Esta estrategia parece
haber sido muy efectiva si pensamos que el 32% de los encuestados
dice no saber acerca de los centros clandestinos.
Toda la sociedad ha sido victima y victimaría, toda la
sociedad padeció y a su vez tiene, por lo menos, alguna
responsabilidad. Pensar en la historia que
transcurrió entre 1976 y 1980 como una aberración;
pensar en los campos de concentración como una cruel
casualidad más o menos excepcional, es negarse a mirar en
ellos sabiendo que miramos a nuestra sociedad, la de entonces y
la actual.[3]
El general Videla decía: "una guerra que fue
reclamada y aceptada como respuesta válida por la
mayoría del pueblo argentino, sin cuyo concurso no hubiera
sido posible la obtención del
triunfo".[4]
Hubo quienes reclamaron eso que Videla llamó guerra
pero hubo una gran parte de la sociedad que la sufrió;
hubo una enorme mayoría que la aceptó pero no tan
fácilmente puesto que se debió recurrir al terror;
en efecto sin el concurso del pueblo no se hubiera obtenido el
triunfo, pero ese "concurso" se obtuvo sometiendo a todo el
país al poder
desaparecedor.
El campo de
concentración
Los centros clandestinos de detención (CCD), que en
número aproximado de 340 existieron en toda la
extensión de nuestro territorio, constituyeron el presupuesto
material indispensable de la política de
desaparición de personas.
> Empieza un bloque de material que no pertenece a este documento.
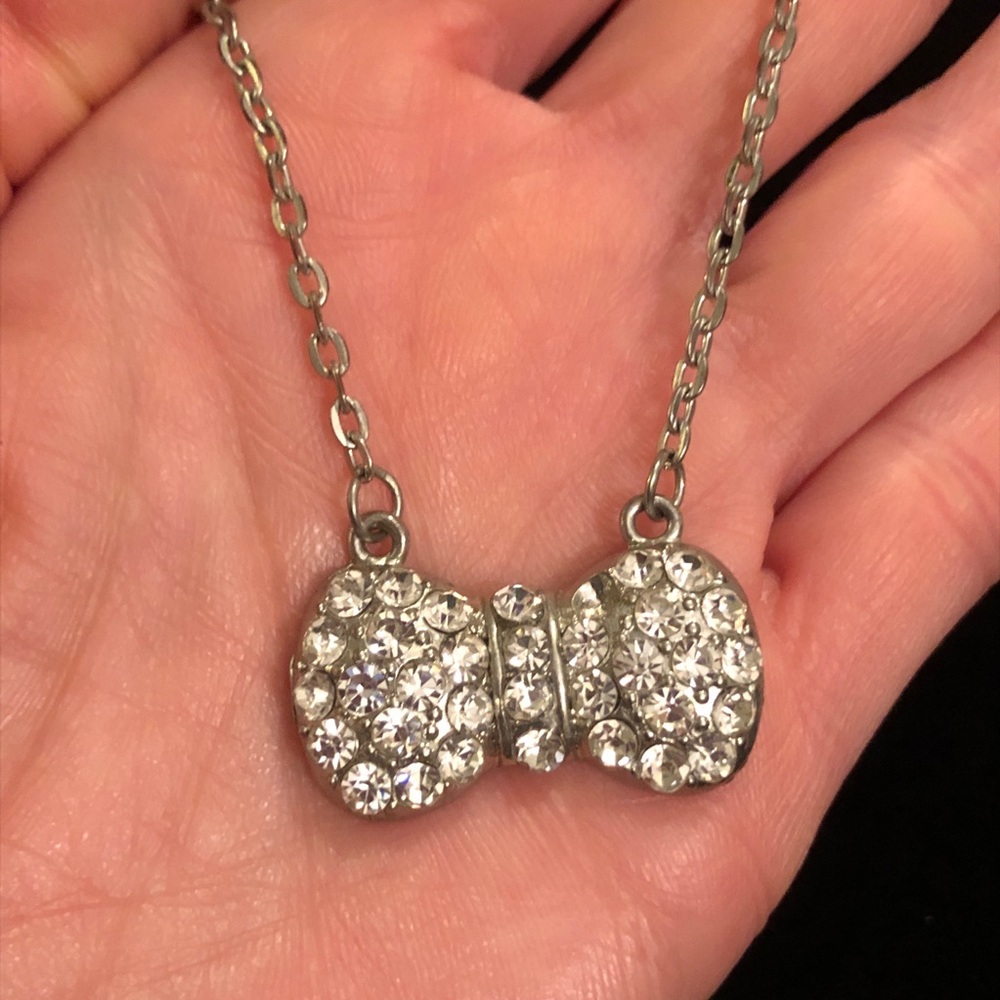 Elegant Silver Bow Necklace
Por allí pasaron millares
de hombres y mujeres, ilegítimamente privados de su
libertad, en
estadías que muchas veces se extendieron por años o
de las que nunca retornaron. Allí vivieron su
desaparición; allí estaban cuando las autoridades
respondían negativamente a los pedidos de informes en
los recursos de
hábeas
corpus; allí transcurrieron sus días a merced
de otros hombres de mentes trastornadas por la practica de
tortura y el exterminio, mientras las autoridades militares que
frecuentaban esos centros respondían a la opinión
publica nacional e internacional afirmando que los desaparecidos
estaban en el exterior, o que habrían sido victimas de
ajustes de cuenta entre ellos.
Estos centros sólo fueron clandestinos para la opinión
pública y familiares o allegados de las victimas, por
cuanto las autoridades negaban sistemáticamente toda
información sobre el destino de los
secuestrados. Pero va de suyo que su existencia y funcionamiento
fueron sólo posibles merced al empleo de
recursos financieros y humanos del Estado.